[LISTED RECORDS — start]
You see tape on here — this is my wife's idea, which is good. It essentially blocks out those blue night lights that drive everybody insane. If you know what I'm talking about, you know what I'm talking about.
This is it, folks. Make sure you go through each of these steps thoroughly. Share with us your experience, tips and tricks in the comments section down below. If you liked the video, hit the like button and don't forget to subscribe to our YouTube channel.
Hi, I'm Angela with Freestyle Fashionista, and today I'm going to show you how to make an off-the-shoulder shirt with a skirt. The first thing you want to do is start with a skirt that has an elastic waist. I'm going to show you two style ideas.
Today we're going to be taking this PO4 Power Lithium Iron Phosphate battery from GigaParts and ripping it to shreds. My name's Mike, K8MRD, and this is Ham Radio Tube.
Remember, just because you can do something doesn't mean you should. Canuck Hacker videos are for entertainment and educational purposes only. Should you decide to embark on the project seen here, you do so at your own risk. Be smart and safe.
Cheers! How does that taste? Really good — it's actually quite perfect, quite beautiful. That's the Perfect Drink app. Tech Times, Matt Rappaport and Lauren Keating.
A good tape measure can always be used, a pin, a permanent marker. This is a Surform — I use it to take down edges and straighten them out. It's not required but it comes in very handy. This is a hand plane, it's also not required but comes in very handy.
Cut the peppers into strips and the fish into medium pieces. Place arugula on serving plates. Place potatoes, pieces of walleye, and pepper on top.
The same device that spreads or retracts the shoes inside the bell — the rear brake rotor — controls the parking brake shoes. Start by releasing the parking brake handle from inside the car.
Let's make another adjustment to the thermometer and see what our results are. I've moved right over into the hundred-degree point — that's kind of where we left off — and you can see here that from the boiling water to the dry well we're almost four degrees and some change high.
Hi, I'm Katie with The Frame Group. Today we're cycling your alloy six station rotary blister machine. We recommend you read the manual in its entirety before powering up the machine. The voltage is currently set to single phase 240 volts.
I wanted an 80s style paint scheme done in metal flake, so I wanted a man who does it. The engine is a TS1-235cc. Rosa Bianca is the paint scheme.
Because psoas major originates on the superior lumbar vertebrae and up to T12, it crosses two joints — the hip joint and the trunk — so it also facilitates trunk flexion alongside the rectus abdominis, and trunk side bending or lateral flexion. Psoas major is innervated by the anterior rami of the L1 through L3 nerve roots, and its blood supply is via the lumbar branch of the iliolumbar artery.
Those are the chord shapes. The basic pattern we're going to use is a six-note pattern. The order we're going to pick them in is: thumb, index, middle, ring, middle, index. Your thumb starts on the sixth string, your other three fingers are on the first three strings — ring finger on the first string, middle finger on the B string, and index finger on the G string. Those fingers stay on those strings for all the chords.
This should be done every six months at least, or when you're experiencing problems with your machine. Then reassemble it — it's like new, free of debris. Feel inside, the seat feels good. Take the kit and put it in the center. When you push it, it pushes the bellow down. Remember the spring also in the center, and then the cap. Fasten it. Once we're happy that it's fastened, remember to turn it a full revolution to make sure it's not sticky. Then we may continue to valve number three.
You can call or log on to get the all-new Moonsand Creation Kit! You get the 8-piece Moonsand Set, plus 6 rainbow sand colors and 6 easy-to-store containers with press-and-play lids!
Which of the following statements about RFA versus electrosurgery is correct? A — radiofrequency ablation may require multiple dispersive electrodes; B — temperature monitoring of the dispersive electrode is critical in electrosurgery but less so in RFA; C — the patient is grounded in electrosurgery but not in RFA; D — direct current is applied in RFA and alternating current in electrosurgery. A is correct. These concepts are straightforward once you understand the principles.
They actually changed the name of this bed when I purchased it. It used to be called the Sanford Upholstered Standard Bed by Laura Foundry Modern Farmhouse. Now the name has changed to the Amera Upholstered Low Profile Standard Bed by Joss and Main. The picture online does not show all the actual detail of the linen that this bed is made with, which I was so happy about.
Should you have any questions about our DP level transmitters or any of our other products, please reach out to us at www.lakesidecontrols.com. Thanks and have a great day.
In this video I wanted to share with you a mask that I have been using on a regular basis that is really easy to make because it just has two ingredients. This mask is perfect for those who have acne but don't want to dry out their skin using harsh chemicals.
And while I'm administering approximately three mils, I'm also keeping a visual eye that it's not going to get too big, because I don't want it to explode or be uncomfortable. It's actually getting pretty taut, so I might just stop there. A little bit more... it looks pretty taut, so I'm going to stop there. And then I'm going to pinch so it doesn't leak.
[LISTED RECORDS — finish]
§ TASK TO COMPLETE:
Send back exactly, with nothing added, the lines from the first line of the material above through the line holding "The same device"; both ends are included.

§ RESPONSE FOR THIS EXERCISE:
You see tape on here — this is my wife's idea, which is good. It essentially blocks out those blue night lights that drive everybody insane. If you know what I'm talking about, you know what I'm talking about.
This is it, folks. Make sure you go through each of these steps thoroughly. Share with us your experience, tips and tricks in the comments section down below. If you liked the video, hit the like button and don't forget to subscribe to our YouTube channel.
Hi, I'm Angela with Freestyle Fashionista, and today I'm going to show you how to make an off-the-shoulder shirt with a skirt. The first thing you want to do is start with a skirt that has an elastic waist. I'm going to show you two style ideas.
Today we're going to be taking this PO4 Power Lithium Iron Phosphate battery from GigaParts and ripping it to shreds. My name's Mike, K8MRD, and this is Ham Radio Tube.
Remember, just because you can do something doesn't mean you should. Canuck Hacker videos are for entertainment and educational purposes only. Should you decide to embark on the project seen here, you do so at your own risk. Be smart and safe.
Cheers! How does that taste? Really good — it's actually quite perfect, quite beautiful. That's the Perfect Drink app. Tech Times, Matt Rappaport and Lauren Keating.
A good tape measure can always be used, a pin, a permanent marker. This is a Surform — I use it to take down edges and straighten them out. It's not required but it comes in very handy. This is a hand plane, it's also not required but comes in very handy.
Cut the peppers into strips and the fish into medium pieces. Place arugula on serving plates. Place potatoes, pieces of walleye, and pepper on top.
The same device that spreads or retracts the shoes inside the bell — the rear brake rotor — controls the parking brake shoes. Start by releasing the parking brake handle from inside the car.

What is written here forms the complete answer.